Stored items
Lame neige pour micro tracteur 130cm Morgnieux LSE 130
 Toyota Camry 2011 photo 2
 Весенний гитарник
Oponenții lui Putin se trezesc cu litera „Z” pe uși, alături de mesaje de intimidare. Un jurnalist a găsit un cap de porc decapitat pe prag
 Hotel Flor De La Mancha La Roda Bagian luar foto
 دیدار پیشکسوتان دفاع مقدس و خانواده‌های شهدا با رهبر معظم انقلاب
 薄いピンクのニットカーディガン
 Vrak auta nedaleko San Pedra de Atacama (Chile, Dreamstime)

WORK INSTRUCTIONS
Repeat each of the entries exactly as written.

RESPONSE AREA
Lame neige pour micro tracteur 130cm Morgnieux LSE 130
 Toyota Camry 2011 photo 2
 Весенний гитарник
Oponenții lui Putin se trezesc cu litera „Z” pe uși, alături de mesaje de intimidare. Un jurnalist a găsit un cap de porc decapitat pe prag
 Hotel Flor De La Mancha La Roda Bagian luar foto
 دیدار پیشکسوتان دفاع مقدس و خانواده‌های شهدا با رهبر معظم انقلاب
 薄いピンクのニットカーディガン
 Vrak auta nedaleko San Pedra de Atacama (Chile, Dreamstime)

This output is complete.